С Эриком Франциска чувствовала себя так хорошо, что не звонила подруге целый год. В качестве компенсации Катрин было позволено еще через полгода быть свидетелем на свадьбе. Брачное торжество напоминало фильм «Четыре свадьбы и одни похороны».[16] Точнее — похороны. Франциска с уже наметившимся вторым подбородком была заживо погребена под своим свадебным платьем и сияла сытым довольством, так часто ошибочно принимаемым за счастье или гармонию. На губах ее играла иронически-циничная улыбка типа «такова жизнь». Такую улыбку можно видеть на лицах людей, которые предоставляют событиям развиваться самим по себе, потому что им просто лень все отменять, ведь иначе пришлось бы подвергать ревизии слишком многое из того, что произошло. И надо же было так случиться, что именно Франциска, которая не знала преград, когда речь шла о реализации ее представлений о любви, вдруг оказалась в эмоциональном тупике и воздвигла на том месте, где оборвались все пути, образцовый буржуазный домашний очаг.

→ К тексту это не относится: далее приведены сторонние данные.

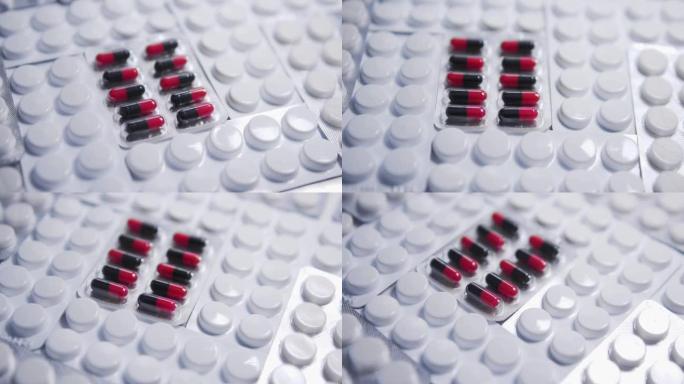 红色和黑色药丸躺在白色水泡之间，片剂在桌上，癌症药物的临床试验，具有活性物质和安慰剂作用的药物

Жених пребывал в состоянии полной прострации. С одной стороны, он трогательно радовался за свою многочисленную семью, которой в связи с его женитьбой удалось очередное прямое попадание в цель. С другой, все время тоскливо поглядывал на своих товарищей по бейсболу — так, словно для него не было ничего страшнее, чем своим официальным «согласен» и связанными с ним последствиями лишить себя места в бейсбольной команде (и в обществе).

Гости искренне старались завидовать беспримерному счастью вновь испеченных молодоженов. Но поцелуй перед алтарем получился довольно прохладным, обмен кольцами довольно бесстрастным. Нежные речи молодых супругов ограничивались диалогами: достаточно ли белого хлеба, не слишком ли громко или, наоборот, тихо играет оркестр и чьи родители чувствуют себя лучше или хуже (и почему). Катрин удалось лишь на несколько секунд пробиться к невесте. Ей не пришло в голову ничего более глупого и менее подходящего к ситуации, как спросить:

— Ты действительно его любишь?

— Мы подходим друг другу, — ответила Франциска и улыбнулась. Что означало «нет».

С тех пор подступы к домашнему очагу в тупике надежно охранялись от посторонних. Катрин тоже попала в черный список и редко удостаивалась аудиенции. Свадьба плавно перешла в беременность Франциски. Ее отношения с Катрин все более заметно телефонизировались. После рождения двух близнецов телефонные разговоры тоже стали возможны лишь в исключительных случаях — например, когда Лени и Пипа одновременно спали. И все же Катрин не верила в то, что ее дружба с Франциской кончилась. Каждая встреча с подругой (а их можно было теперь пересчитать по пальцам) вселяла новую надежду узнать в ней прежнюю Франци.


То, что она пришла не вовремя, Катрин поняла, когда ретироваться уже было поздно. В квартире, являвшей многочисленные следы детского вандализма, пахло бананами. Лени (или Пипа) играла тихо. Она увлеклась гаданием на ромашке — «любит-не-любит», — используя вместо ромашки фикус. Пипа (или Лени) играла громко. Она достала из кухонного стола пять сковородок и испытывала их на прочность, колотя одну о другую.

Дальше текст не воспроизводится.